Des personnes font la queue pour retirer de nouveaux billets en naira à un distributeur de billets à Maiduguri, le 29 janvier 2023. © AUDU MARTE/AFP
Pénurie d’essence et système bancaire au bord de l’implosion : à deux semaines de l’élection présidentielle prévue le 25 février, le Nigeria est secoué par une vague de contestations qui a provoqué la fermeture de plusieurs banques, ce 9 février, incapables de faire face à la demande de nouveaux billets.
Ajoutée à l’impossibilité de fournir les services bancaires de base, à la lenteur des serveurs informatiques, l’indisponibilité des nouvelles coupures récemment introduites par la Banque centrale du Nigeria (CBN) est un casse-tête supplémentaire qui a nourri la colère des clients. « C’est terrible, il faut faire la queue pour acheter du carburant, faire la queue pour obtenir sa carte d’électeur et enfin, faire la queue pour obtenir son propre argent », explique Godson Ahuchaogu, un expert-comptable.
Refonte du naira
La politique de refonte du naira menée par la CBN depuis la fin de l’année dernière vise à remplacer les grosses coupures de 200 (0,43 $), 500 (1,09 $) et 1000 (2,17 $) nairas par de nouveaux billets. Le gouverneur de la CBN, Godwin Emefiele, a fait valoir que cette mesure était nécessaire pour lutter contre l’inflation et le financement du terrorisme, entre autres problèmes.

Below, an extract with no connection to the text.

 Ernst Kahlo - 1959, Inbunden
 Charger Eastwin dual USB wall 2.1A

Mais la pénurie des nouveaux billets, qui devaient être mis en circulation au plus tard au 31 janvier, provoque de violentes manifestations de la part de Nigérians qui doivent aussi faire la queue dans les stations-service depuis des mois.

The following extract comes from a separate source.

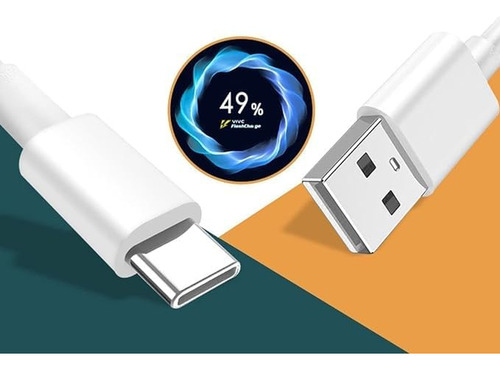 80w Cargador Para Vivo Flash Charge Tipo C Carga Rápida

Les réseaux sociaux ne font rien pour apaiser l’atmosphère : des dizaines de clients de la Zenith Bank, une des principales banques commerciales du Nigeria, ont raconté leur frustration de ne pouvoir accéder à la plateforme bancaire en ligne, et les heures interminables passées dans les halls de banque parce que le « serveur est en panne ». Une vidéo circulant sur Twitter montre des clients en colère détruisant les installations d’une agence bancaire. Une autre montre le personnel d’une banque escaladant une clôture pour rentrer chez lui après le travail.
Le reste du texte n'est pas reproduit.